Dia harus menunggu 3,5 jam sampai urusan administrasi pendaftaran usai. Selanjutnya, dia harus kembali menunggu pemeriksaan oleh dokter di Poliklinik Jantung. Berjam-jam lamanya dia menunggu sampai dipanggil. Padahal pemeriksaan oleh dokter biasanya singkat, tidak sampai 15 menit.
"Biasanya bisa pulang baru pukul 16.00 setelah dapat obat di apotek," ujar Saipul (22), anak Matris yang selalu menemaninya berobat.
Kerepotan Matris tidak hanya di rumah sakit. Setiap tiga bulan dia harus memperbarui surat rujukan ke rumah sakit. Oleh karena itu, dia harus kembali ke fasilitas kesehatan tingkat pertama yaitu puskesmas untuk dibuatkan surat rujukan ke rumah sakit. Padahal untuk berobat di puskesmas dan memperoleh surat rujukan, juga butuh waktu berjam-jam.
Selain itu, rumah sakit rujukan selalu berubah-ubah yang membuat warga Petojo Utara, Jakarta ini repot. Sebelum di RSUD Tarakan, Puskesmas Petojo Utara pernah merujuk Matris ke RS Pelni, RSAL Mintohardjo, RS Menteng Mitra Afia, dan RS Budi Kemuliaan.
Ketersediaan obat
Selain harus antre berjam-jam, mereka mengeluhkan terbatasnya tenaga medis dan keterbatasan obat-obatan.

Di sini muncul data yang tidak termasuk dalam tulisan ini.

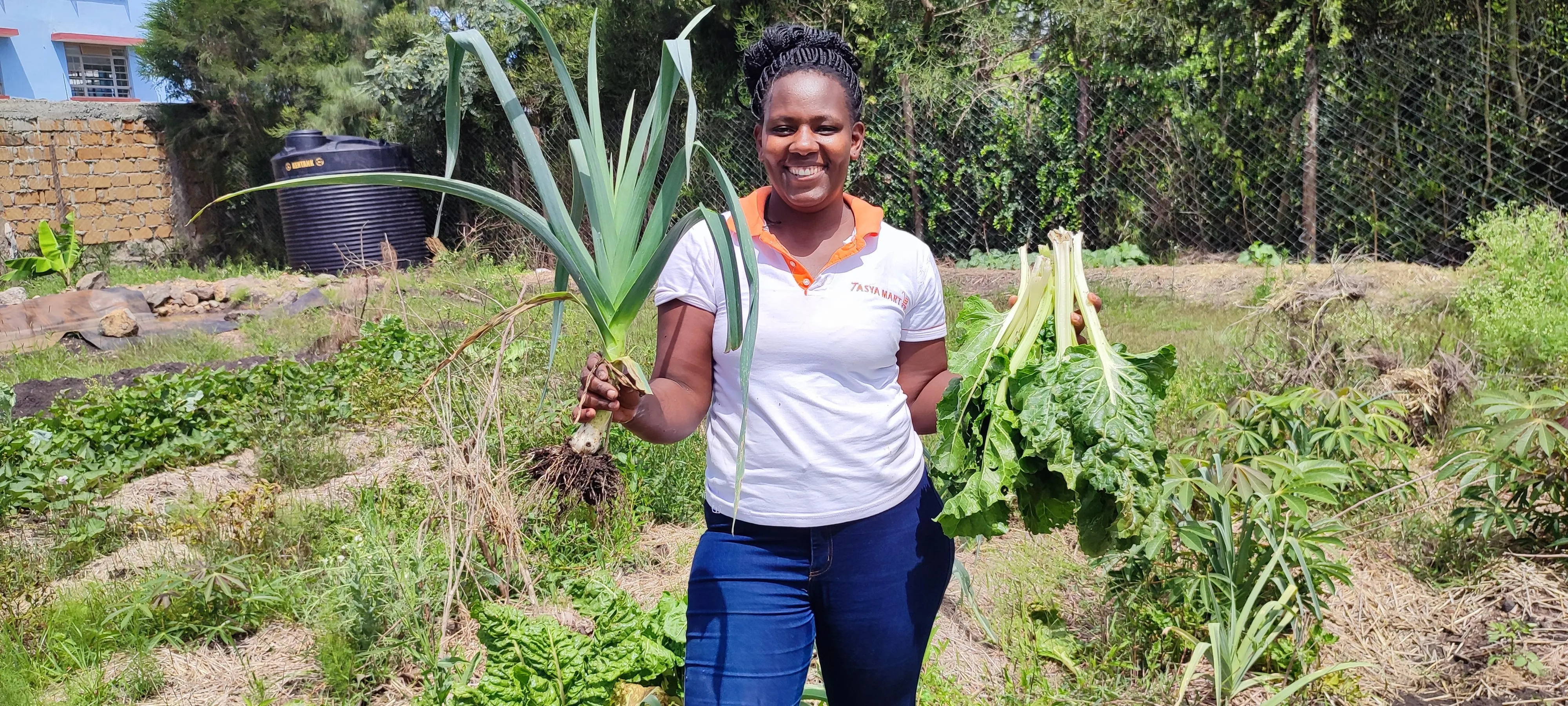 Ruth smiling in a garden, holding a freshly harvested leek and a bunch of chard.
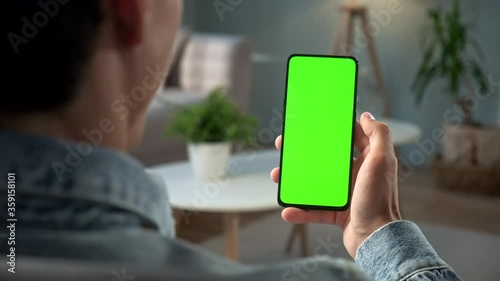 POV View of Man at Phone with Green Screen for Copy Space. Chromakey Mock Up Without Tracking Markers. 20s Boy Watching Video News on Couch Close up. Tap to Click on Centre of Screen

Menurut Saipul, biasanya ada dua dokter yang memeriksa pasien tetapi hari ini, hanya satu dokter yang bertugas. "Perawat bilang dokternya ada operasi di rumah sakit lain atau masih rapat," katanya.
Adapun stok obat yang terbatas adalah obat pengencer darah. Matrais yang seharusnya mendapatkan dua strip, hanya memperoleh satu strip. Satu strip lainnya terpaksa dibeli di apotek lain. Untuk ini tidak ditanggung oleh JKN. Dia harus mengeluarkan uang dari kantong pribadinya. Padahal harga obat mencapai Rp 250.000 per strip.
Lamanya antrean untuk bisa berobat dengan JKN di RSUD Tarakan juga dikeluhkan Sarimi (70). Dia datang jauh-jauh dari Tangerang, Banten dengan menggunakan angkutan umum, dan sudah tiba di RSUD Tarakan, pukul 05.00.
Padahal waktu pendaftaran baru dibuka pukul 07.00. Itu pun tidak langsung dibuka karena hingga pukul 07.00, petugas yang biasa melayani belum ada di loket. Petugas baru tiba pukul 08.00.
"Saya dapat nomor urut satu. Tetapi antre sampai pukul 11.00 karena dokternya baru datang pukul 10.45," ujar Sarimi. Ia meninggalkan rumah sakit pukul 13.30.